That said, the enquiry into the events, whose results have recently been published complete with graphic videos, seems (to me at least) to have demonstrated beyond reasonable doubt that the intentions of the crowd on that day were malign and intended to subvert the peaceful transition of power following the election of President Biden. There is no other explanation for the level of physical and rhetorical violence exhibited. Yet just five months ago the official, and settled, view of the Republican Party was that the attack on the Capitol was an example of ‘legitimate political discourse’; and while only 25% of Americans overall believe that the crowd was ‘protecting democracy’, that figure rises to well over 50% amongst Republican voters. Clearly, there are still those who doubt the official version of events and who are determined to stoke political division.
This coming Sunday is the Feast of St Thomas the Apostle. Thomas, one of Jesus’s disciples, famously refused to believe the other disciples when they joyfully told him on the first Easter Day: ‘we have seen the Lord!’. He demanded the physical proof of feeling the wounds in Jesus’s hands and side. A week later, when the disciples were once again gathered together, Jesus gave Thomas the opportunity he had demanded. But instead of taking it, instead of reassuring himself by touching Jesus’s wounds, Thomas simply uttered one of the briefest yet most profound expressions of faith in the New Testament: ‘My Lord and my God’. On seeing the risen Christ, Thomas was done with doubt. Legend has it that he subsequently took his discipleship seriously enough to travel all the way to India bearing the Good News of Christ.

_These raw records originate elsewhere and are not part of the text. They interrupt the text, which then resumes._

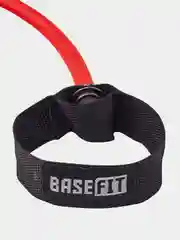 Эспандер лыжника-пловца BASEFIT ES-901, 2 кг-6 кг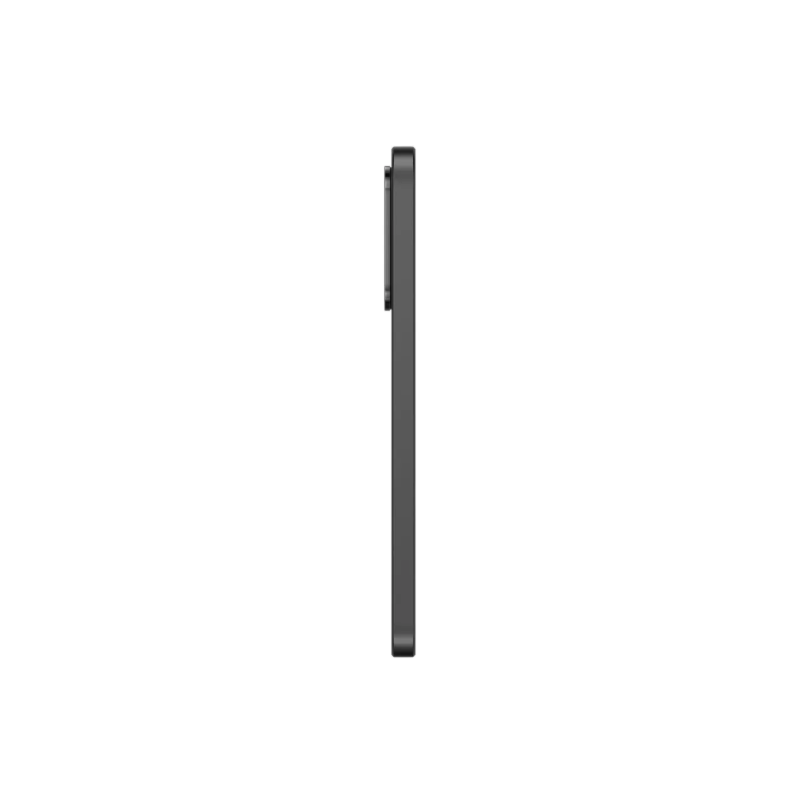 Celular Samsung Galaxy A36 5G 128GB Preto-893f8be9-9bd9-4135-81f9-2dded2b822cc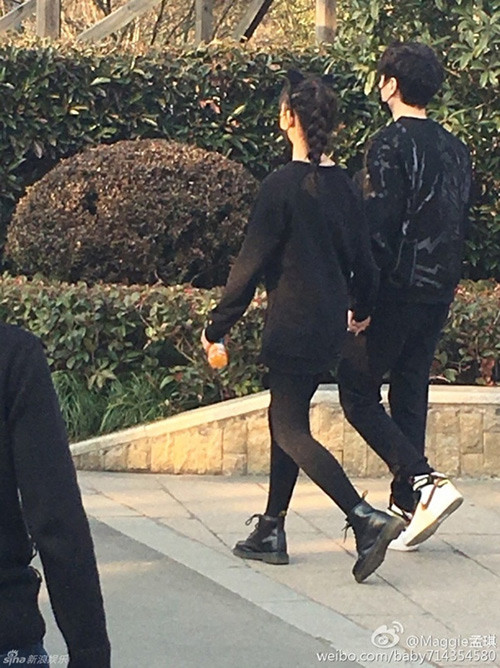 bang bang - ly than dinh tin don da dang ky ket hon - 8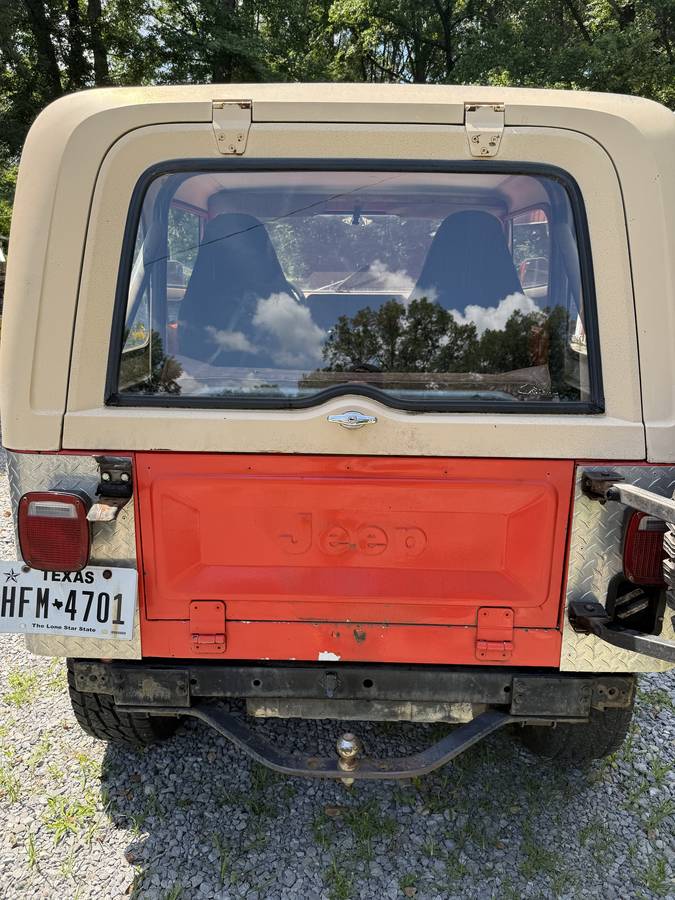 Jeep-Cj7-1978-orange-15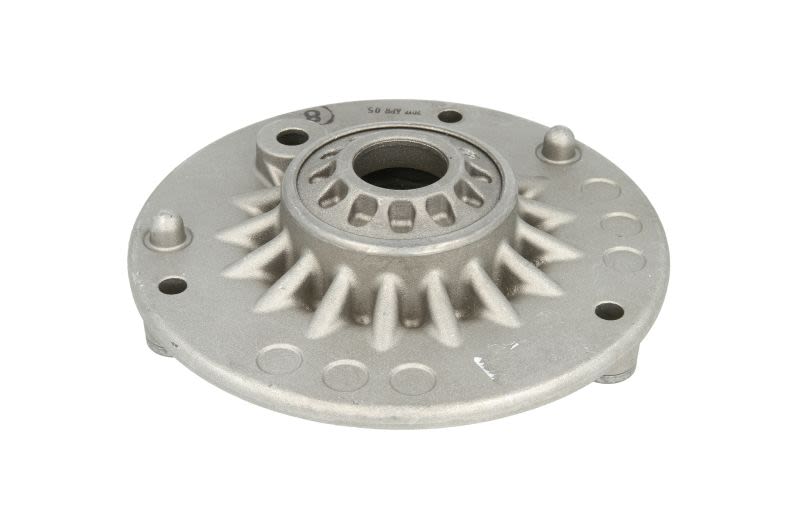 Kit de reparación de soporte de montaje de amortiguador FEBI 49374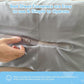 Ultimate Bed Sheet Corner Holder with Mattress Straps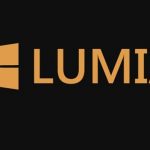 xl_Microsoft-Lumia-Logo-624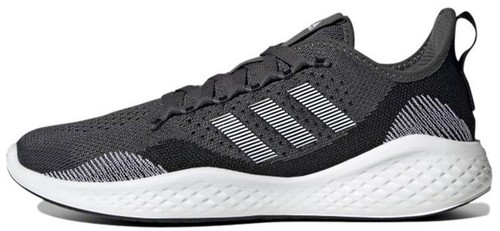 Adidas Men display picture 1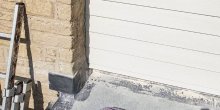 Gillingham_HardiePlank_Cladding_Finish_4_1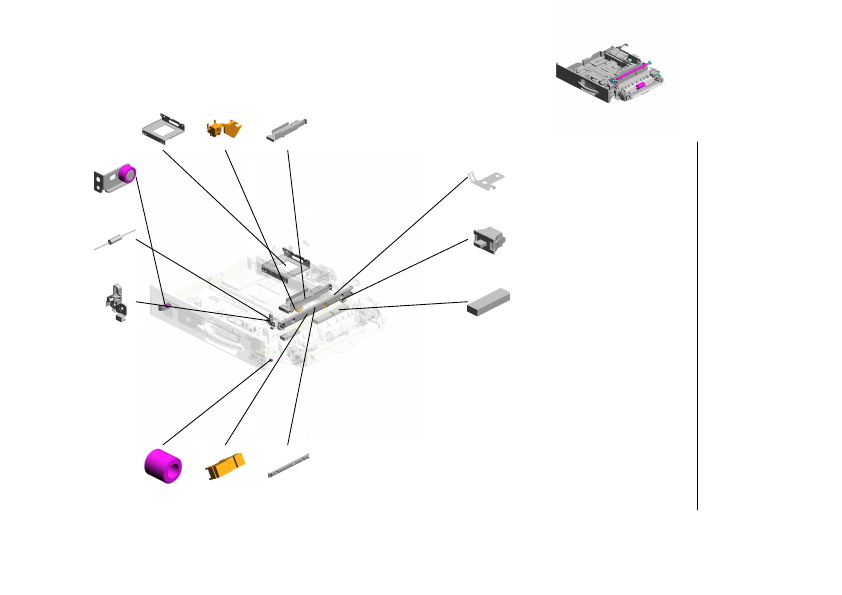  Copyright (c) 2006-2025 Ricoh Company, Ltd.    2025/01/31 Version 1.39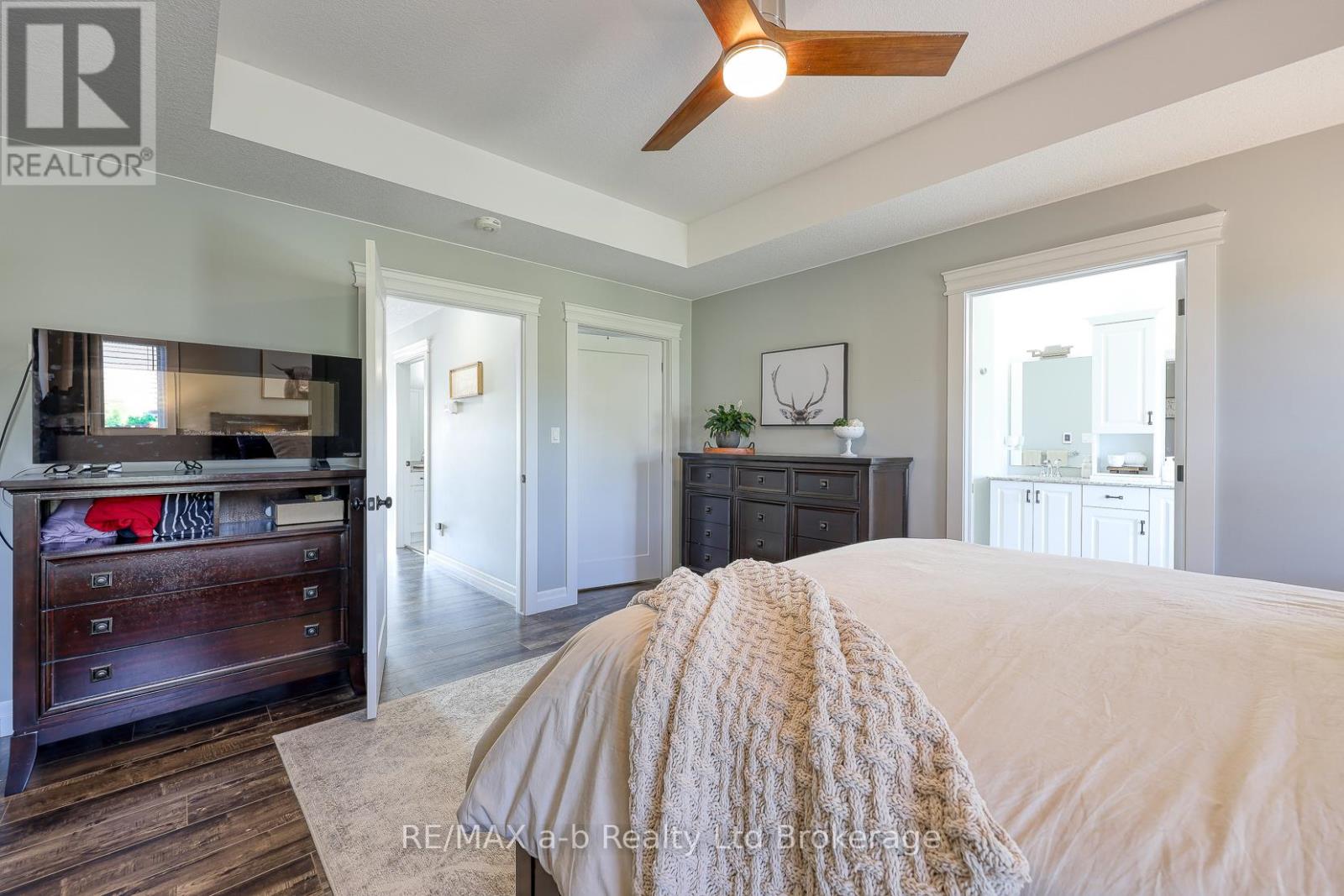 49286 Ashland Avenue, Malahide (Lyons), Ontario  N0L 2J0 - Photo 24 - X12671550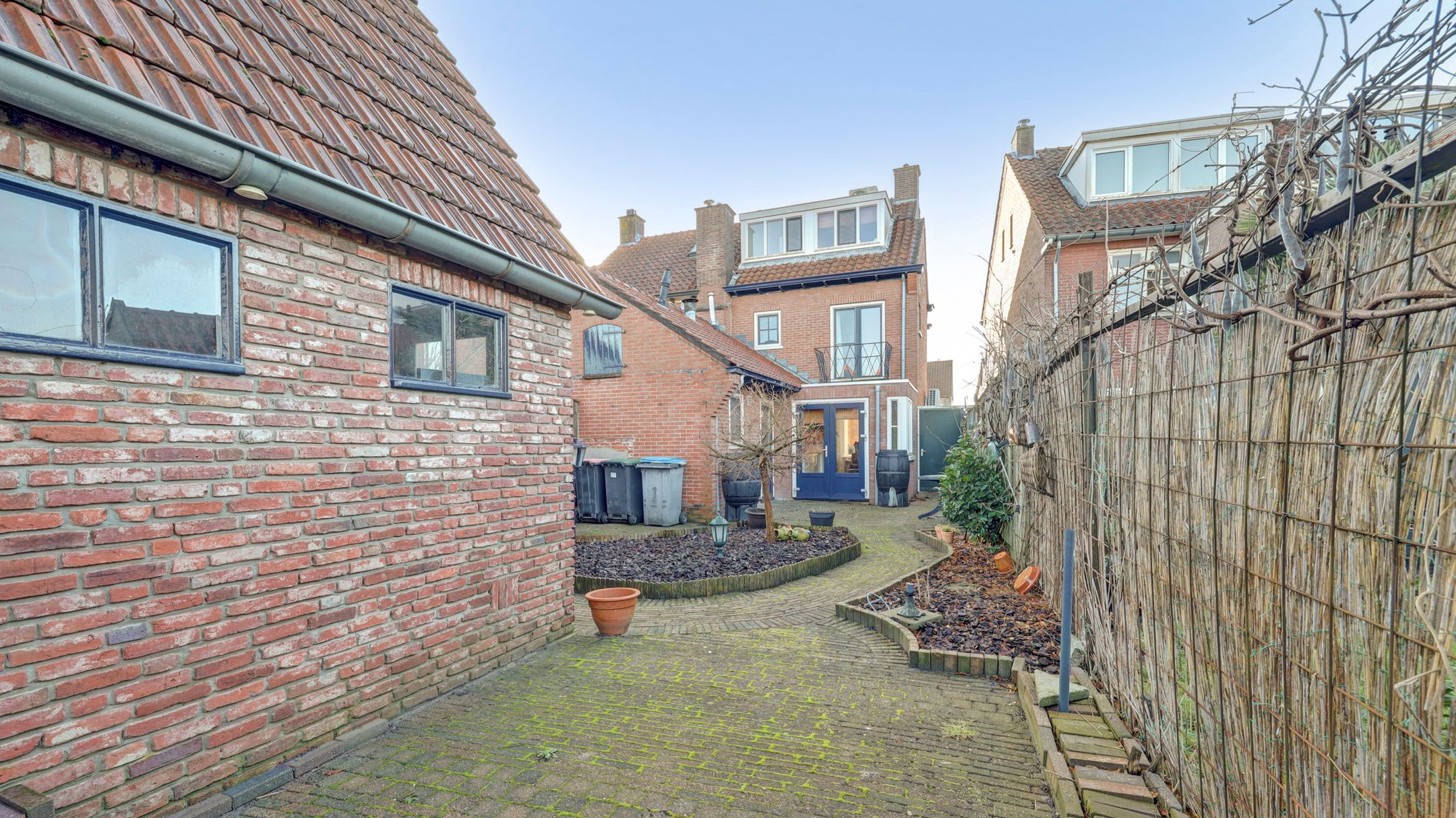 Foto 39 van Violierstraat 95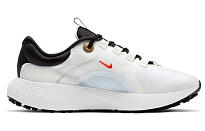 Фото № 2 с приближением к товару «‎Nike Wmns React Escape Run 'Summit White Gold'»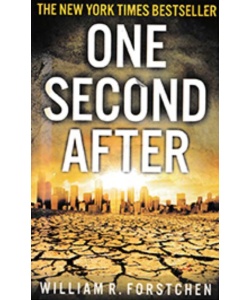 one_second_after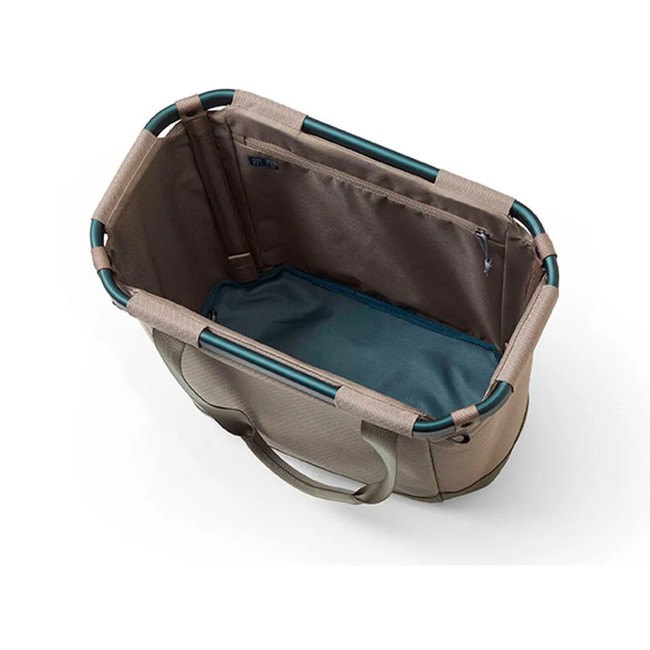 Vrečka Gregory Alpaca Gear Tote 30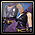 Shinovi Top [30D]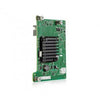 615729-B21 | HP 366M 4-Ports 1Gb/s PCI Express 2.1 x8 Mezzanine Network Adapter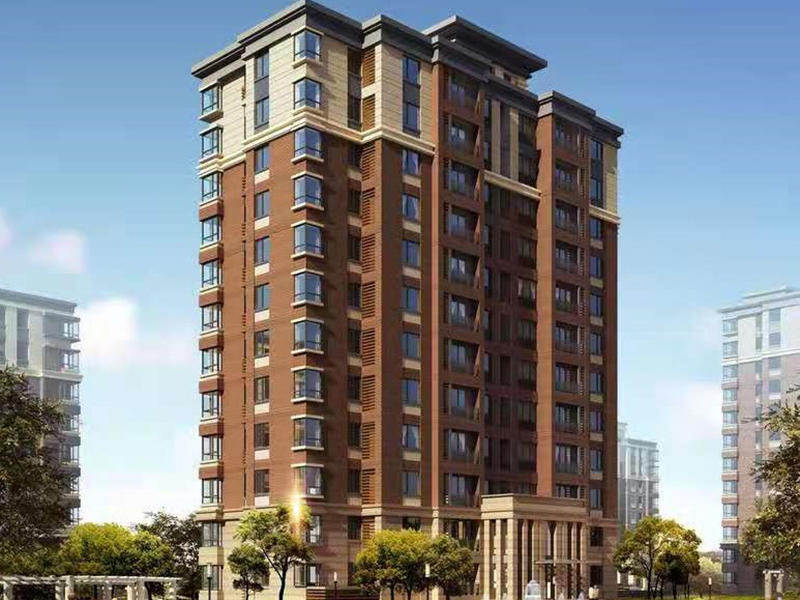 首页- 河南众天泽城检验检测研究院有限公司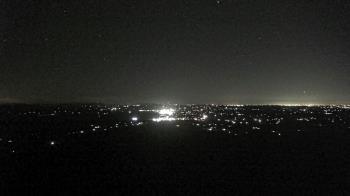 Weather camera view of Mount Mazazine.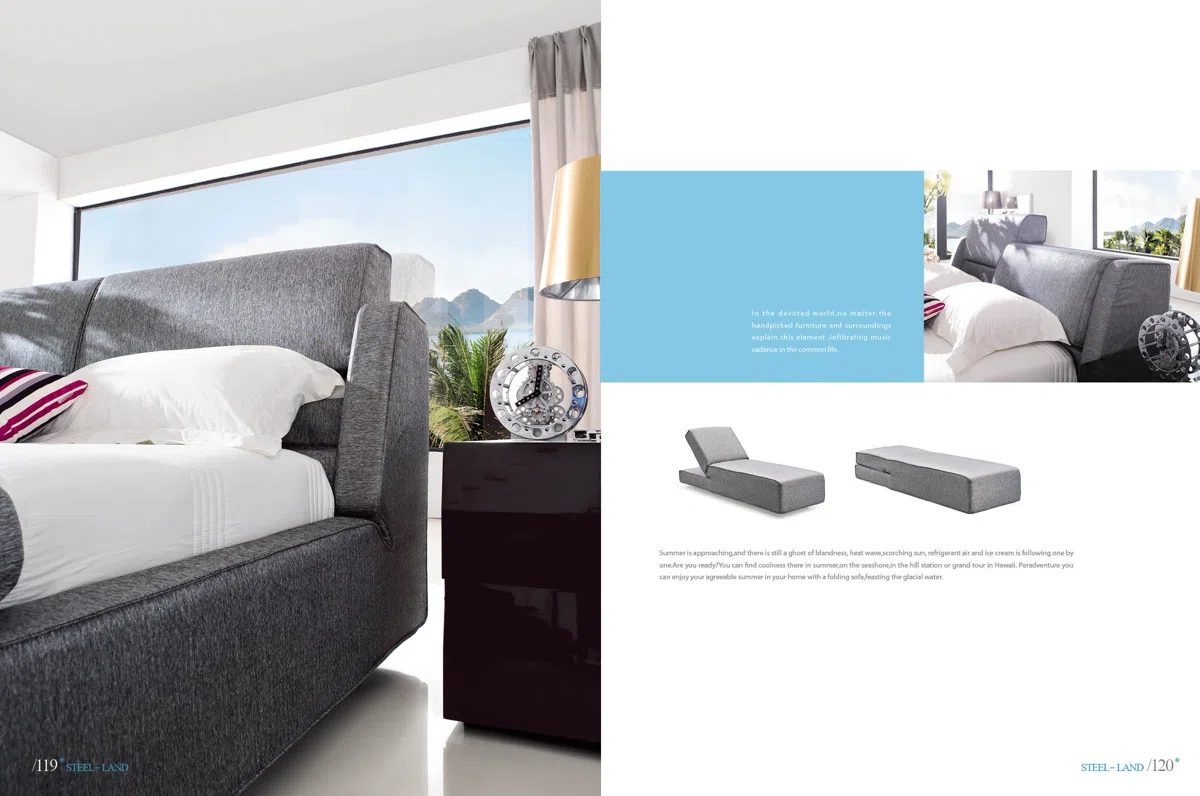 Furniture sets and selections 00C25568B98E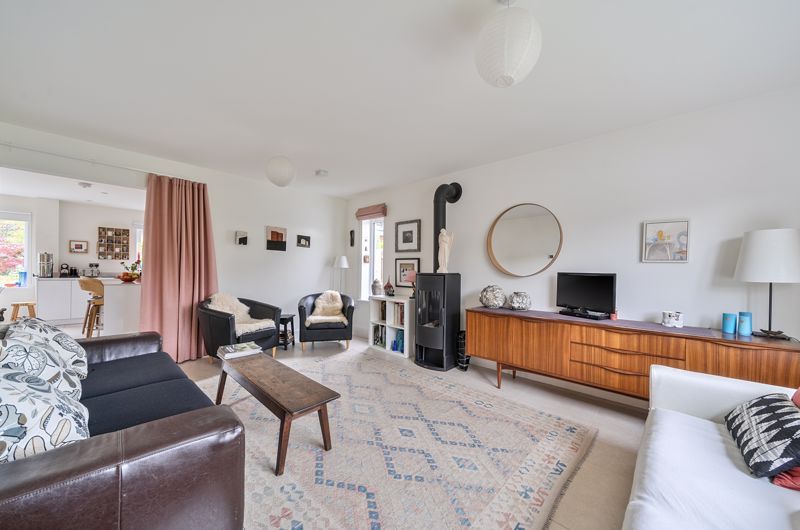 Property photo 3 of 28 Photo 5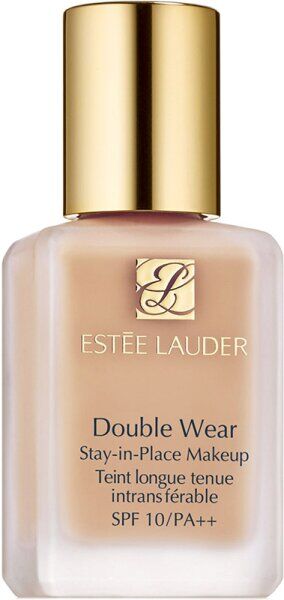 Est&eacute;e Lauder Estée Lauder Double Wear Stay-in-Place Makeup SPF 10 1N0 Porcelain 30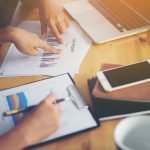 Investment Property Model 9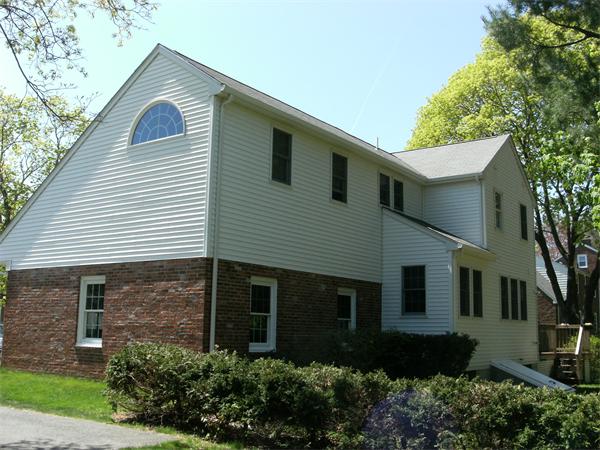 85 Grosvenor Road Needham, MA 02492 - Photo 23 of 24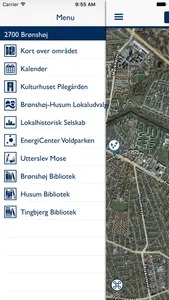 2700 Brønshøj screenshot 4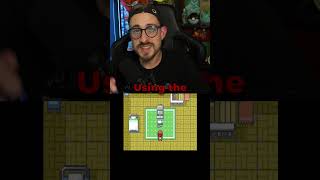 SECRETS to Radical Red 4.1 - Cheats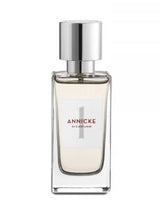 Eight & Bob Perfume Annicke 1 Eau De Parfum 30 ml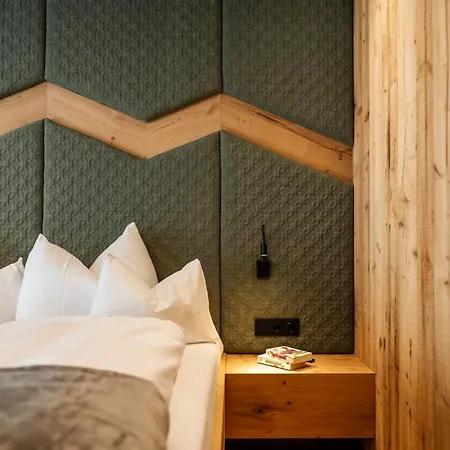 Apartmán Knappengut - Neu!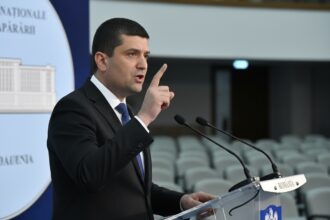 edited inzestrarea armatei cu sisteme moderne antidrona va dura pana la doi ani si jumatate anunta radu miruta 6a82aeee732b0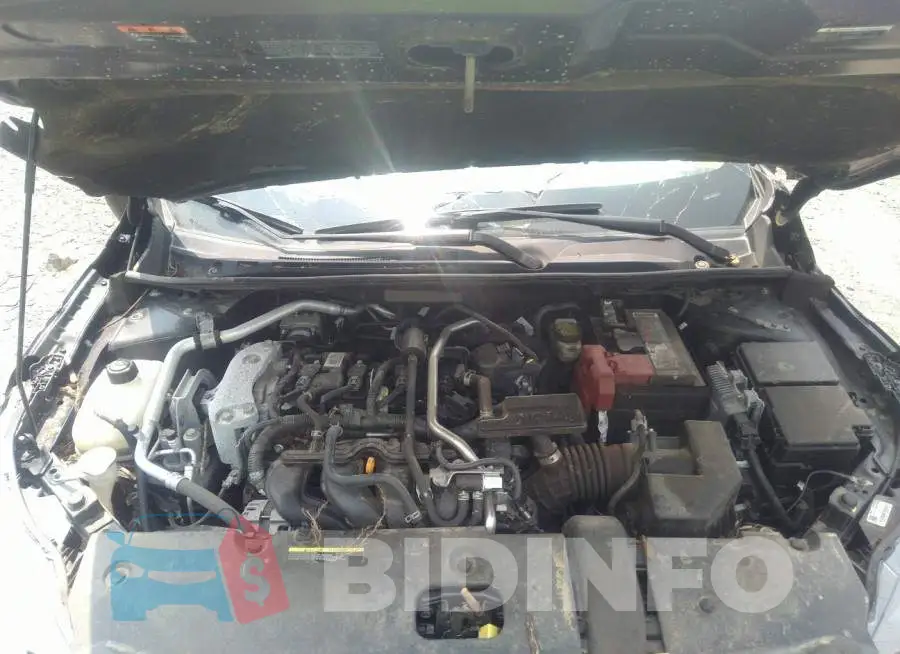 3N1AB8CV5LY298854 Photo# 10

Many of those who, on the one hand, doubt the official version of what happened on 06 January have no doubt, on the other, that Jesus is their Lord and their God and espouse a firm Christian faith. But the implications of that faith, of that firm belief in the risen Christ, seem to be lacking. Perhaps the protestor who carried a picture of Christ with a ‘Make America Great Again’ baseball cap might reflect more deeply on the words of St Paul in 2 Corinthians: God … reconciled us to himself through Christ and has given us the ministry of reconciliation. Responsibility for that ministry must continue to be owned by Christians everywhere in the USA and elsewhere. Of that there can be no doubt.